Solution bien pratique. Avec personne au sein du gouvernement qui ose emprunter la voie logique et juridiquement correcte d’accepter le statut d’Alex Saab en tant que diplomate légalement nommé, il est clair que le cabinet du Premier ministre Ulisses Correia cherche à battre tous les records connus de vitesse pour s’éloigner aussi vite que possible de la décision que la Cour suprême leur a imposée.

Malheureusement, ce n’est pas là que s’arrête la réaction empreinte de lâcheté des autorités du Cap-Vert.

Comme indiqué précédemment, la décision du 15 mars de la Cour de la CEDEAO était unanime, ce qui en soi n’a rien de remarquable, cependant, ce qui rend cette décision extrêmement remarquable, est le fait que le juge rapporteur du collège des juges était la juge Januária Tavares Silva Moreira Costa. La juge Costa est non seulement une juriste capverdienne respectée et expérimentée, mais elle est également l’ancienne ministre de la Justice de ce pays.
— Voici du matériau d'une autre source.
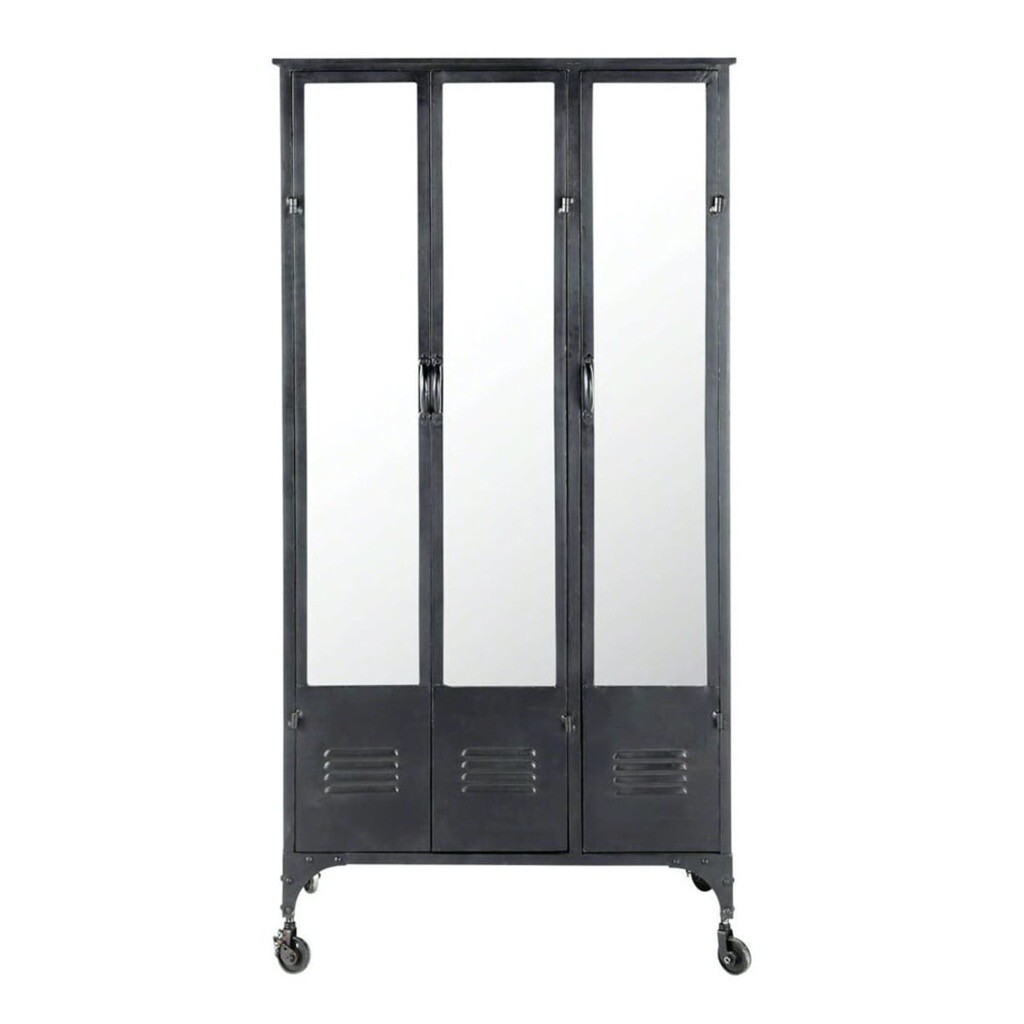 Metal industrial on castors in black in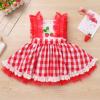 Baby Girls Strawberry Outfit Toddler Kids My 1st Birthday Party Dress Cake Smash Photo Shooting Ruffle Sleeve A-line Plaid Skirt Formal Party Pageant Summer Holiday Sundress Red Strawberry 2-3T view 2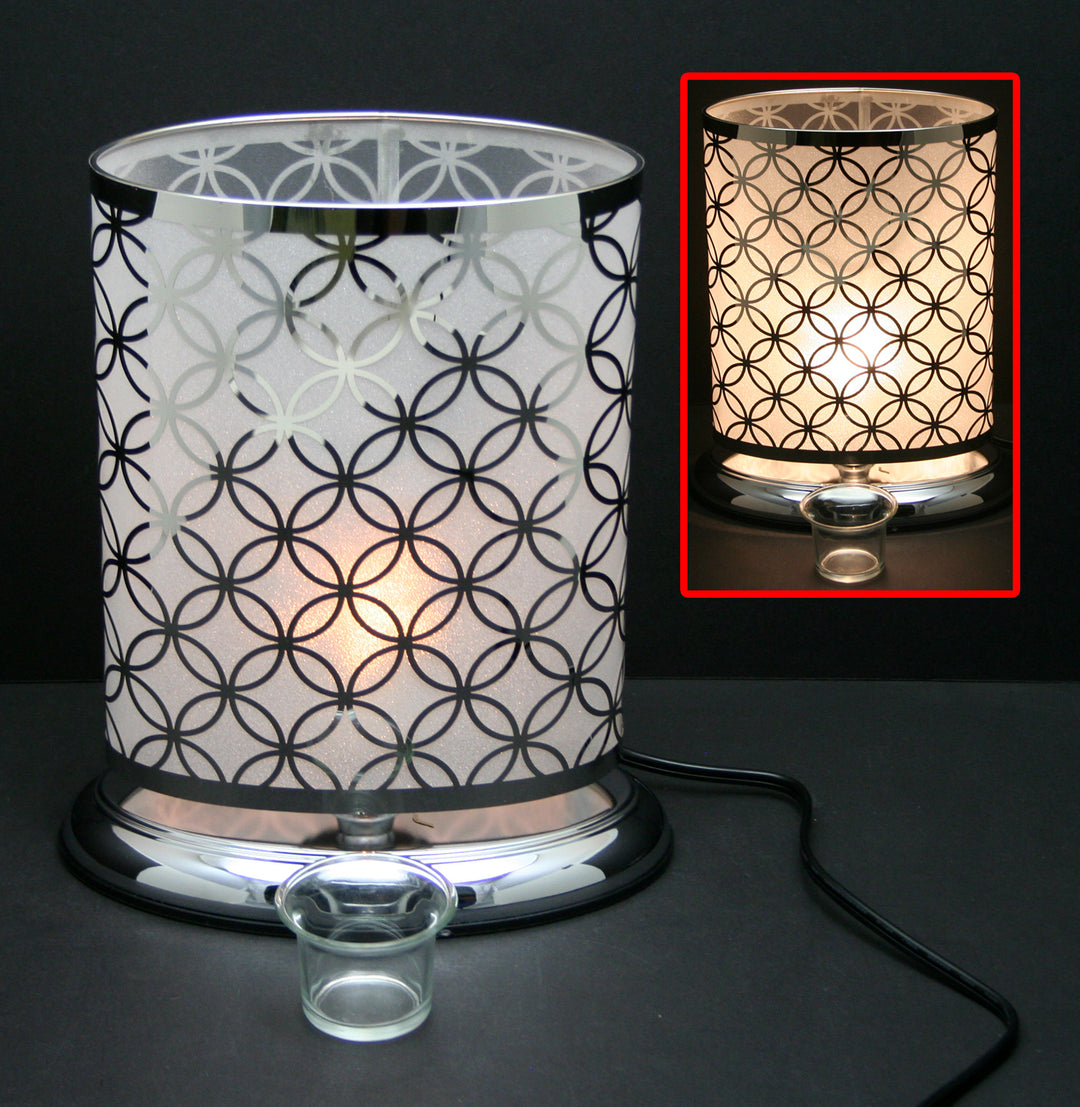 Silver Circles Lamp w/ Scented Oil Holder | Touch Lamp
Ce point est d’une extrême importance, car la décision du 15 mars, qui a conclu que la détention d’Alex Saab est illégale et qu’il devait être immédiatement libéré, est fondée principalement sur des violations de la loi nationale du Cap-Vert. Avec les deux autres membres du panel originaires du Nigeria et du Ghana (le président de la Cour de la CEDEAO), il est évident que toutes les questions concernant des points de droit du Cap-Vert n’ont pu être traitées que par la juge Costa.

PRENEZ LE TEMPS DE BIEN ASSIMILER CETTE INFORMATION.

L’un des plus hauts juges du Cap-Vert, qui a également occupé le poste de ministre de la Justice, a déclaré au monde que l’arrestation, la détention (et par implication le processus d’extradition) d’Alex Saab sont illégales, car la manière dont elles ont eu lieu enfreint les lois du Cap-Vert.

Ce qui rend impossible de comprendre, alors qu’il a fallu un peu plus d’un mois à la juge Costa et à ses collègues pour entendre les deux parties et parvenir à la décision que l’arrestation d’Alex Saab était illégale, pourquoi, après plus d’un an, l’ensemble du système juridique du Cap-Vert n’a pas reconnu les violations de ses propres lois. La juge Costa a-t-elle tort ? La personne jugée suffisamment qualifiée par l’État du Cap-Vert pour le représenter devant le tribunal le plus prestigieux de la région de la CEDEAO n’est-elle finalement pas qualifiée pour se prononcer sur les aspects les plus fondamentaux de la loi du Cap-Vert ?

Où cette hésitation place-t-elle le Premier ministre Ulisses Correia ? La condamnation mondiale de l’arrestation d’un diplomate légalement nommé n’a cessé de croître depuis la gifle méprisante adressée à la CEDEAO le 16 mars. La façade autoproclamée de démocratie du Cap-Vert et de respect des lois et des obligations internationales s’écroule et l’État acquiert rapidement la réputation d’être inconstant, peu fiable et totalement sensible aux pressions politiques.